Chair Schapiro tells us that the interpretive release is not "opining" on whether the world's climate is changing. She further informs us that the SEC doesn't have a view as to whether there is a given pace of the non-opined climate change -- and, for extra measure -- she underscores that the SEC won't opine as to the causes of the alleged climate change, which, may or may not actually be occurring but at a speed that, well, you know, the SEC won't comment on.  As if the silliness of the press release wasn't enough, we are then admonished that the SEC's non-opining should not be construed as weighing in on the topics on which it has no opinion. 

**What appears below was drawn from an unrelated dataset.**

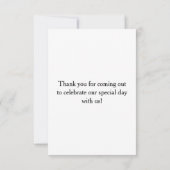 Carved Heart Birch Tree Weddenschap Bedankt (Achterkant)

While I'm not sure we are going from the sublime to the ridiculous, I think this trip is close enough. Notwithstanding the laughable hyperbole, the SEC's Chair writes straight-faced (okay, so that's my inference) that the non-opined climate change position of the SEC somehow constitutes "guidance" that will "help to ensure" that the regulator's disclosure rules are consistently applied.  Geez, thanks to all those SEC geniuses for clearing this climate change issue up.

Only in government would an idiotic release of this type be prepared -- and then, to make matters worse, transmitted to the public!  If there is any comfort that I take from this nonsense, it's that the SEC must finally have stamped out fraud on Wall Street if it has such spare time on its hands to churn out interpretive releases about climate change disclosure.

OFFICIAL DISCLAIMER BY BROKEANDBROKER.COM:

The above blog entry was approved today by Bill Singer, Esq., the publisher of BrokeAndBroker.com in order to provide guidance on certain existing SEC disclosure rules that may require a company to disclose the impact of those interpretive releases on various business or legal developments related to the guidance so provided by the federal regulator.  The above blog entry has reviewed the SEC's press release from the comprehensive perspective of risk factors, business description, legal proceedings, and management discussion and analysis

BrokeAndBroker.com is not opining on whether the SEC's Interpretive Release is credible, at what pace the SEC's guidance should be implemented by companies, or whether there were valid climate change concerns prompting the publication of the release. Nothing that BrokeAndBroker has published in this blog today should be construed as weighing in on those topics. Today's BrokeAndBroker.com commentary about the SEC's climate change interpretive release will help to ensure that our readers consistently apply the SEC's proposals, even thought the SEC is uncertain whether the underlying climate change concerns are valid.

Similarly, Bill Singer, Esq. will not opine on whether there is a Tooth Fairy, an Easter Bunny of Santa Claus, or whether such non-opined characters transport themselves from and to various locales, or whether there is a rational basis for believing or not believing in such characters.  However, nothing herein should be construed as admitting or denying the existence of such characters.  BrokeAndBroker.com believes that this non-opining policy is consistent with its goal of providing guidance to its readers.


Jan 28, 2010 4:00 pm

Hey, just curious.  Are you related to Steven Singer?  at Bernstein Litowitz Berger & Grossmann LLP.  I ran across his name doing a search about a BAI lawsuit.